De même, lors des repas, nous mangions des rations de soldat… avec la guerre en moins, fort heureusement. Si je devais satisfaire un « besoin naturel », les jeunes se disposaient en cercle autour de moi en tenant leurs sacs de couchage bien droits, de manière à constituer un genre de paravent pour empêcher qu’on m’aperçoive.

Nous avons chanté, nous avons ri, nous avons eu froid la nuit et très chaud le jour ; nous étions épuisés, harassés par ce périple, mais tellement heureux ! J’ai savouré. Ces jeunes m’ont tant apporté sur le plan humain ! Vous ne pouvez imaginer à quel point.

J’ai renouvelé cette expérience avec eux plusieurs années de suite. Nous formions un petit groupe fort sympathique. Tous ces jeunes m’ont aidée à éclore, à accepter ma vie et à m’accepter moi-même. Ils m’ont aidée à espérer. Je dois énormément à Lourdes et à tout ce qui s’y déroule. Je remercie Sainte Bernadette de nous avoir rassemblés en ce lieu de prière et de bonté qui accueille et réconforte les personnes les plus amoindries. Toutes sans exception sont reçues, acceptées et aimées.

Je remercie toutes les personnes qui font de cet endroit, un lieu si accueillant et si humainement exceptionnel. Toutes les âmes charitables qui se dévouent dans ce sanctuaire donnent à ce petit bout de terre une impression de paradis retrouvé. J’avoue qu’en m’y rendant, je voulais me sentir pareille aux autres, je refusais d’être infantilisée.

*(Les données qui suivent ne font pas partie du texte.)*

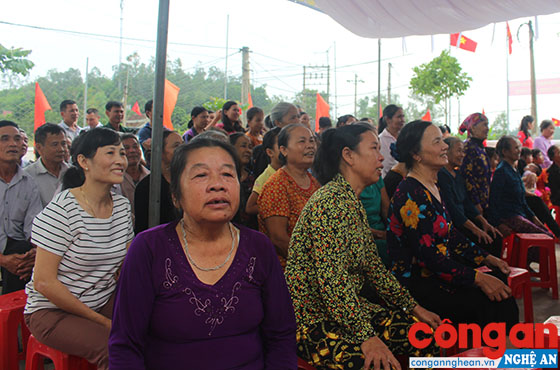 Bà con vui mừng tại Ngày hội đại đoàn kết toàn dân xóm Vệ Nông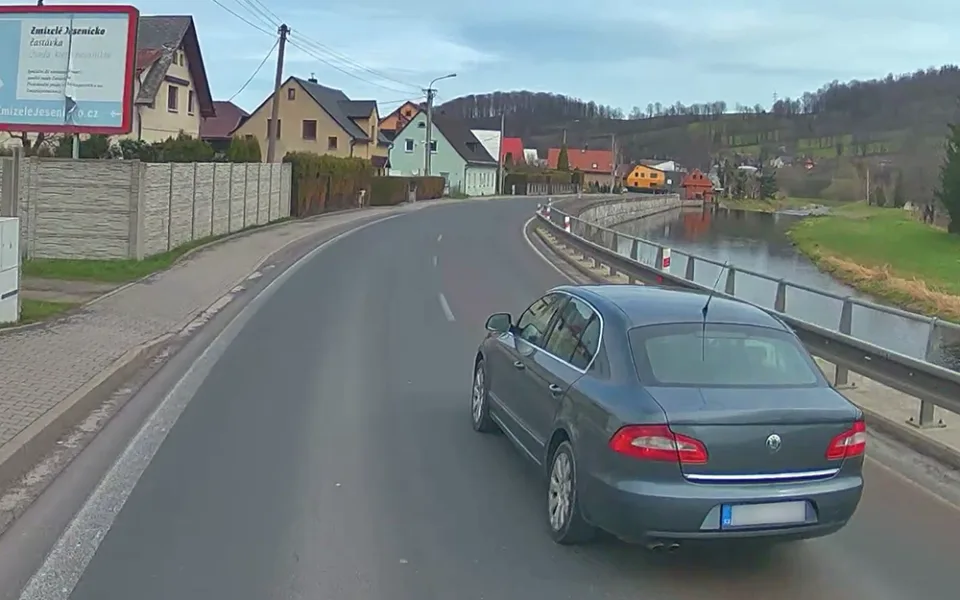 Řidič Škody Superb blokuje nákladní soupravu v obci Česká Ves na Jesenicku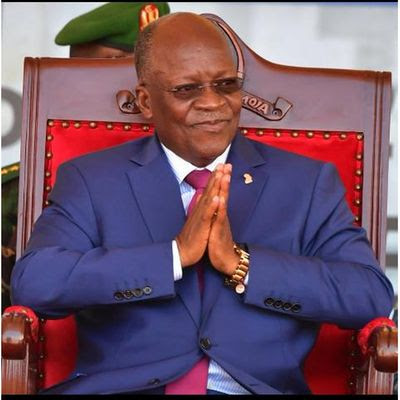 ChikMTENGWA's tweet photo. Ijumaa Machi 26, 2021 saa 10: 50 jioni, Mwili wa Rais wa awamu ya Tano wa Tanzania, John Magufuli umeshushwa kaburini nyumbani kwao Chato.#RIPMagufuli 
The fifth President of Tanzania John Magufuli lowered into the grave in Chato on Friday 26 March 2021 1650Hrs.#RIPMagufuli https://t.co/W07oBBu50H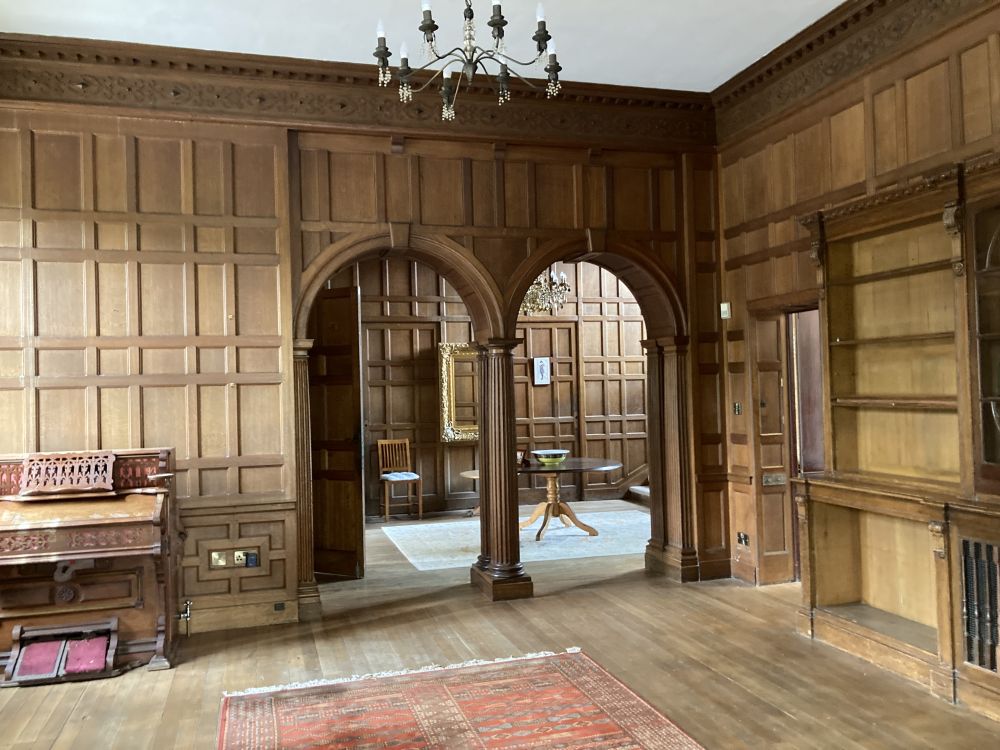 Unoccupied Victorian manor house (Petersfield, Hampshire)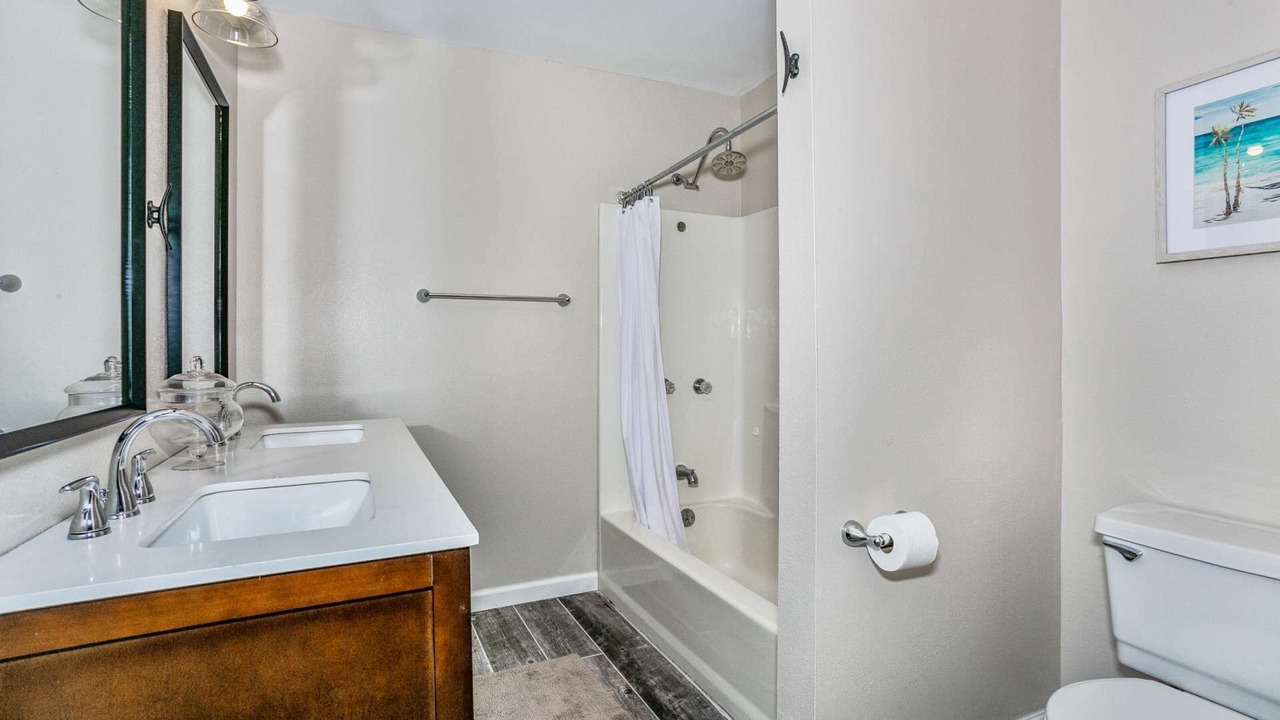Photo of Bathroom in Ono Island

Pendant ces quelques jours de profond partage, j’avais besoin qu’on me considère comme une personne à part entière, malgré mes capacités physiques amoindries.

Sainte Bernadette a dit que la Sainte Vierge l’avait regardée comme une personne qui parle à un autre individu. Je voulais, moi aussi, qu’on me considère d’égal à égale. J’en avais besoin, et c’est ce que j’ai trouvé.

Plus tard, j’ai eu la chance de passer la période de Nouvel An à Vienne, aux côtés de ces amis, lors des rencontres européennes de Taizé.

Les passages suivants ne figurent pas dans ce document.